Le « siècle d’Ivan le Terrible » (1505-1598) :
Moscou « troisième Rome »

Le rassemblement des terres russes s’achève sous Basile III (1505-1533) par la prise de Smolensk et l’annexion de la principauté de Riazan. Les conditions sont alors réunies pour que la Russie unifiée, seul État orthodoxe subsistant depuis la disparition de l’Empire byzantin en 1453, puisse reprendre à son compte la conception théocratique byzantine selon laquelle il ne pouvait exister d’Église sans empire. Elles conduisent au couronnement d’Ivan IV (1533-1584) comme tsar, le 16 janvier 1547. Le tsar-autocrate devient la source unique du pouvoir, de la loi et de la justice en Russie. Il assume pleinement la succession de l’empereur byzantin en tant qu’unique souverain chrétien. Pour le moine Philothée de Pskov, Moscou est « la Troisième Rome ». Comme autrefois les empereurs byzantins, les souverains rassemblent symboliquement dans les églises du Kremlin les reliques les plus insignes, tandis que le métropolite Macaire officialise en 1547 la vénération de nouveaux saints nationaux.

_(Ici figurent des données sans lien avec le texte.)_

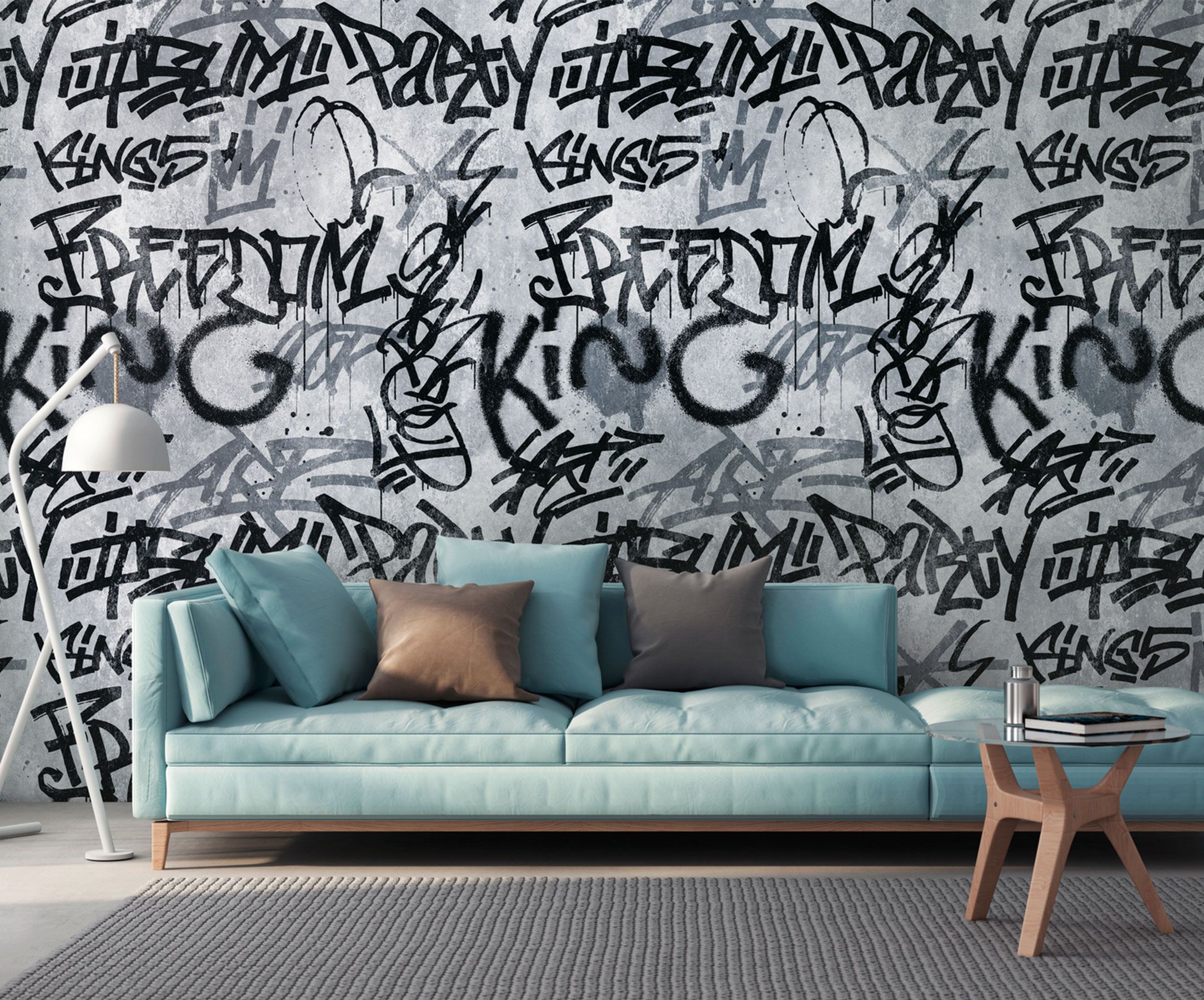Grafitti Wallpaper in Grey AS382511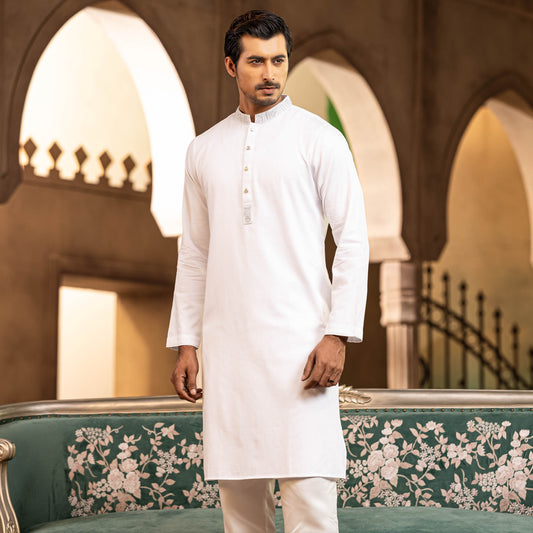 Mens White Zardosi Panjabi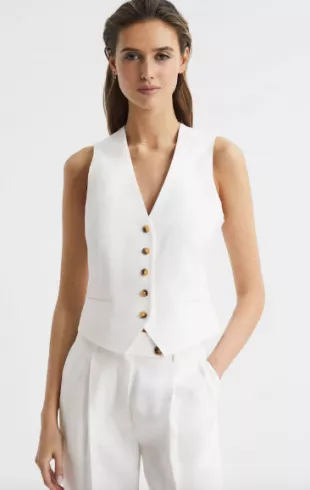 Hollie Linen Tailored Waistcoat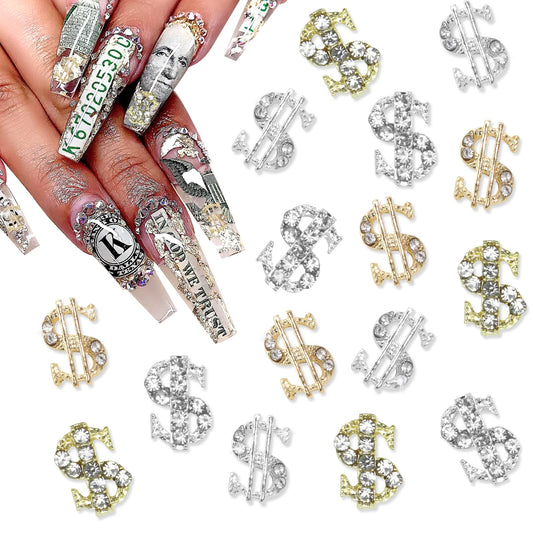 YAEISM 16PCS Money Dollar Nail Charms 4 Styles Gold and Silver Money Nail Charms 3D Alloy Money Sign Nail Charms with Crystals Shiny Rhinestones for Nail Art and DIY Crafts Jewelry Decoration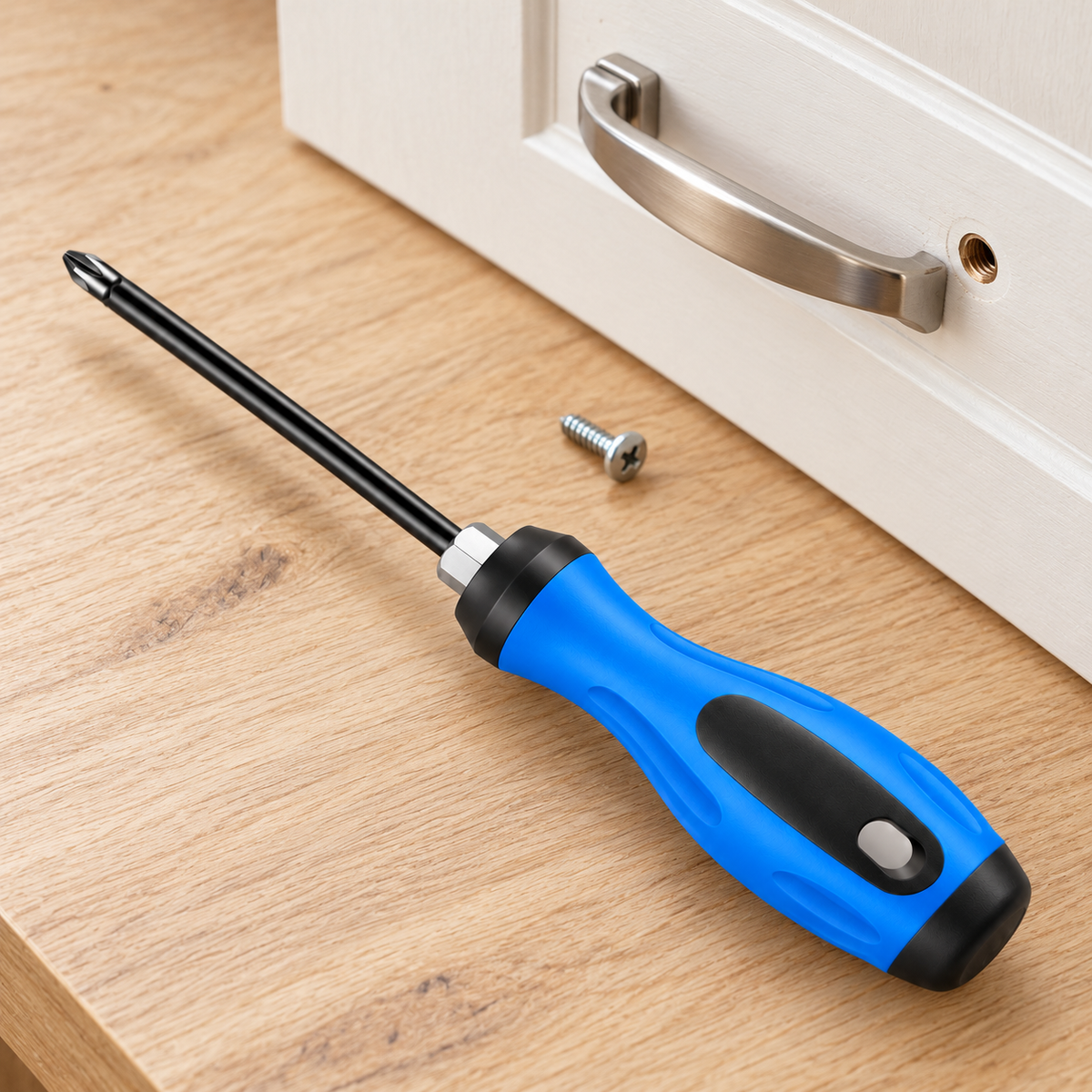 Blue Reversible Phillips and Slotted Screwdriver — home project context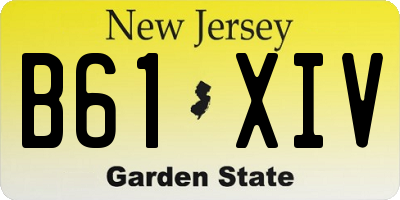 NJ license plate B61XIV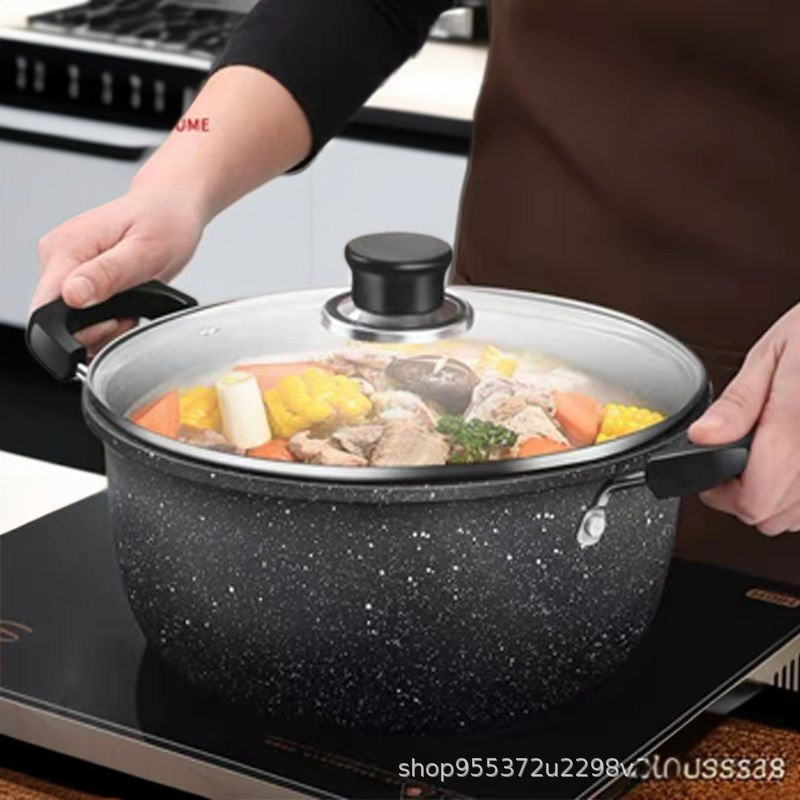 Household soup pot Double ear large capacity nonstick pot Party hot pot soup pot McRib soup pot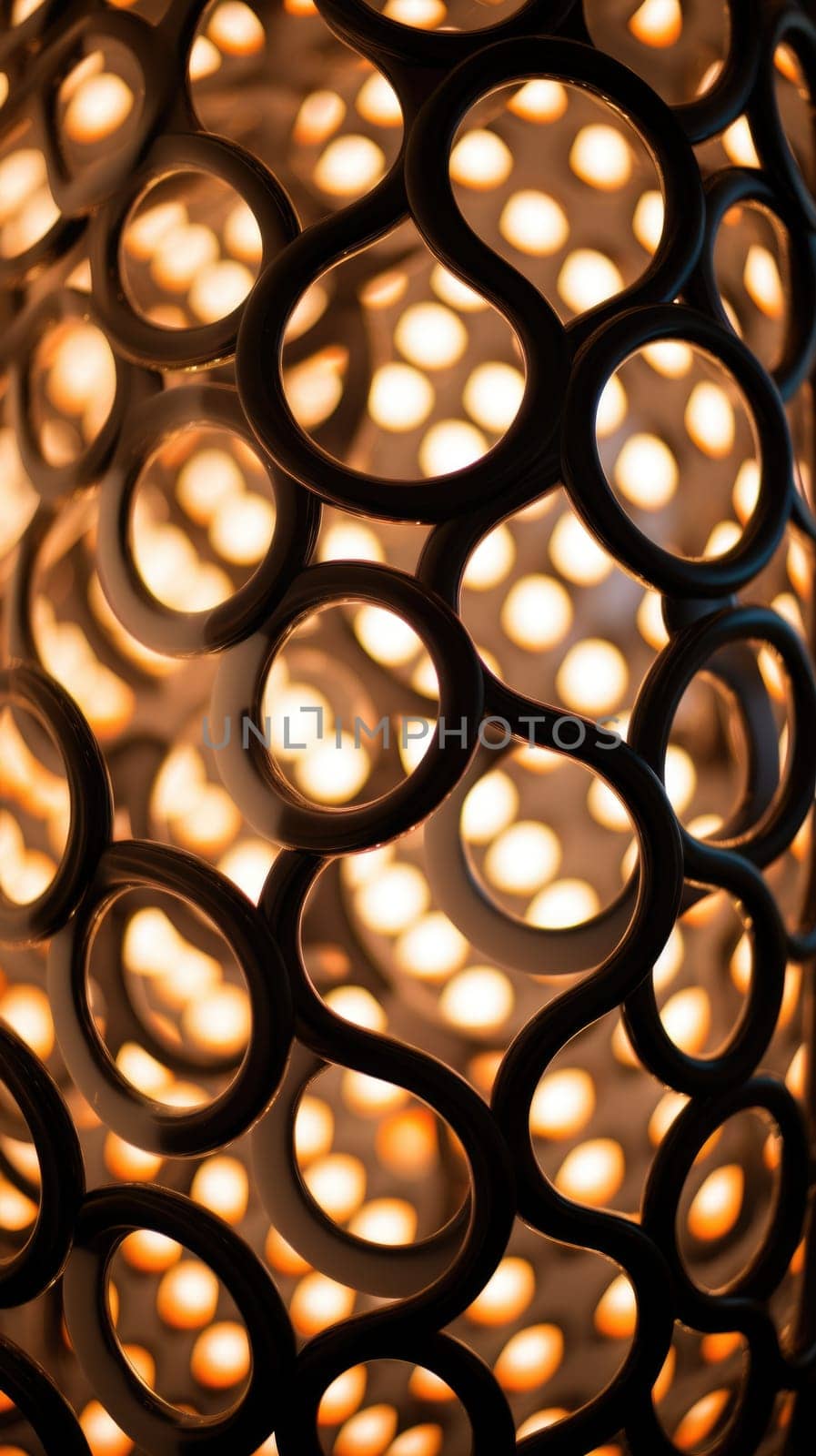 A close up of a metal sculpture with circles, AI by starush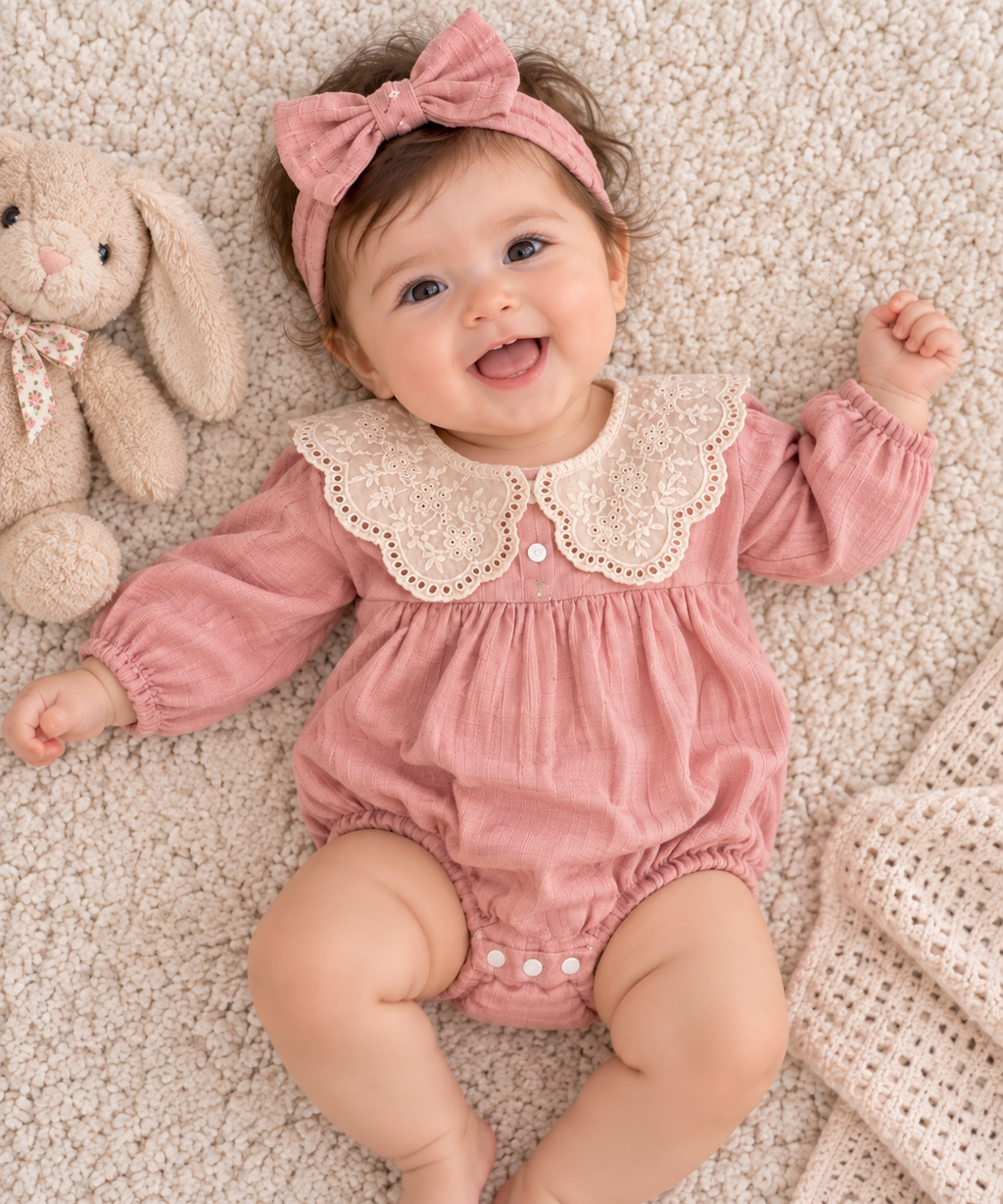 Pink Baby Romper with White Scalloped Collar
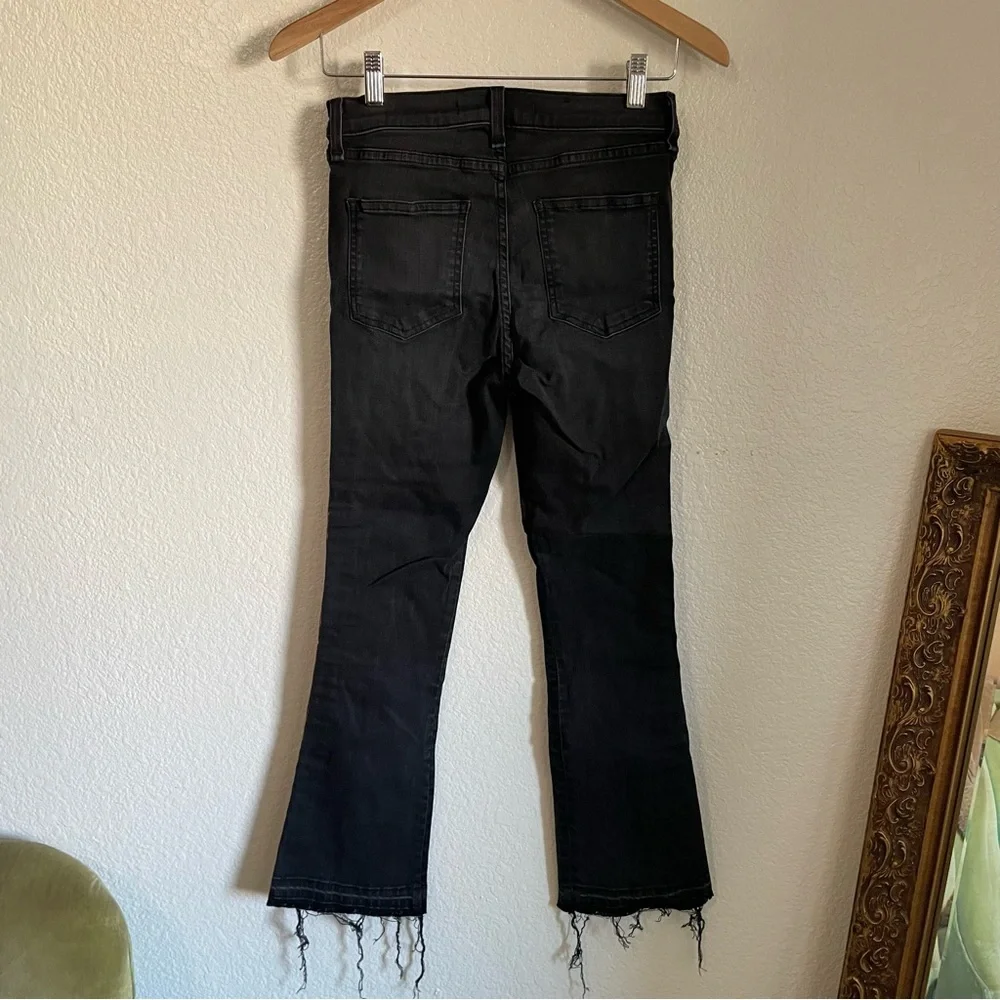 Veronica Beard Carolyn 10” Baby Boot Cropped Jeans Frayed Smokey Grey Pink Boho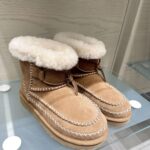 UGG 가을 겨울 신상품 여성 패션 편안한 단색 레이스업 장식 스티칭 숏 부츠 캐주얼 스노우 부츠 1158251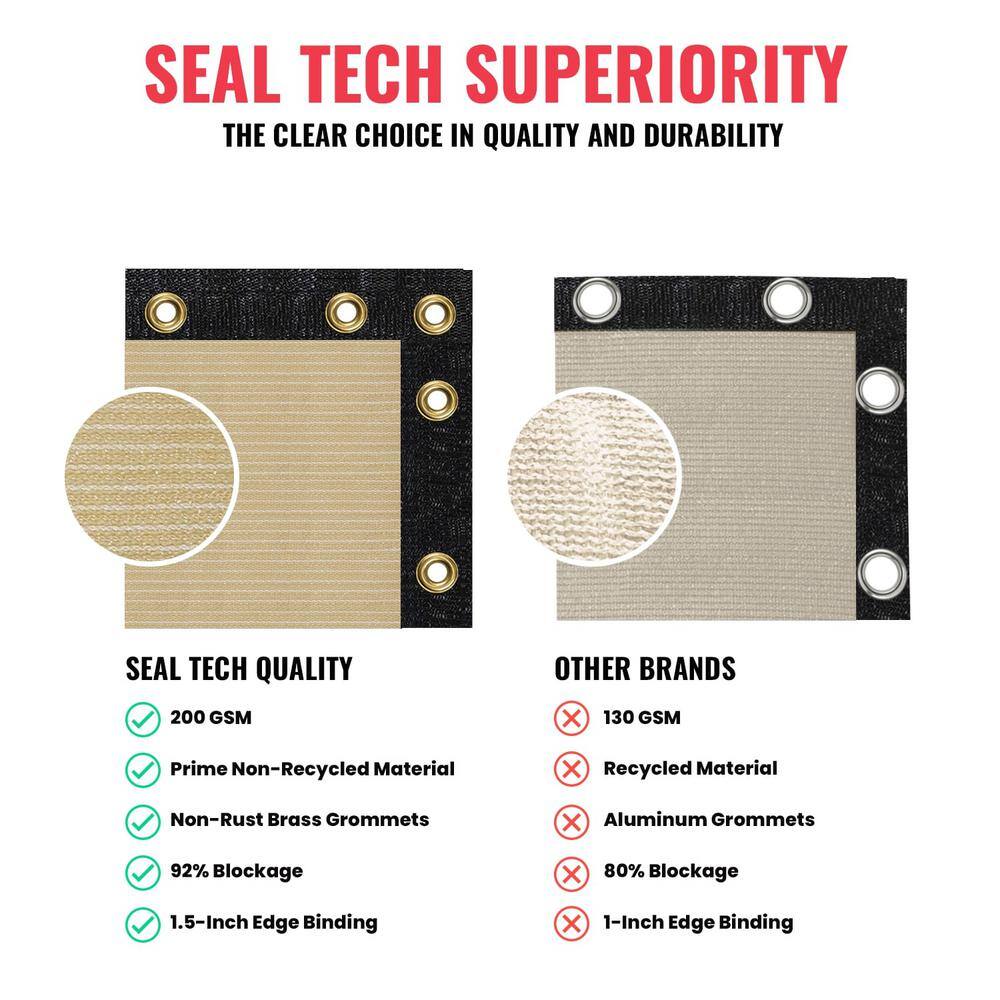 SEALTECH Ultra Heavy-Duty 200 GSM Privacy Fence Screen Beige - 6 ft. x 20 ft. Non-Recycled Polyethylene 90% Cable Zip Ties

La prise de Kazan en 1552, suivie de celle du khanat d’Astrakhan, ouvre un accès direct à la mer Caspienne et au Caucase, et l’orthodoxie s’implante sur une terre qui n’était pas sienne avec la fondation de l’archevêché de Kazan. Enfin, le prestige du couronnement impérial permet à l’Église russe d’accéder au rang patriarcal en 1589. La Russie reproduit alors parfaitement la symphonie byzantine entre pouvoir temporel et spirituel, avec un tsar et un patriarche. Toutefois, le règne d’Ivan le Terrible s’assombrit avec la guerre de Livonie qui s’enlise, le régime de terreur et de répression de l’opritchnina (1564-1572), le pillage de Novgorod, les crises frumentaires, l’assassinat du tsarévitch Ivan par son père. Ils n’empêchent pas les ateliers du Kremlin de travailler sans relâche à la gloire du tsar et de l’Église.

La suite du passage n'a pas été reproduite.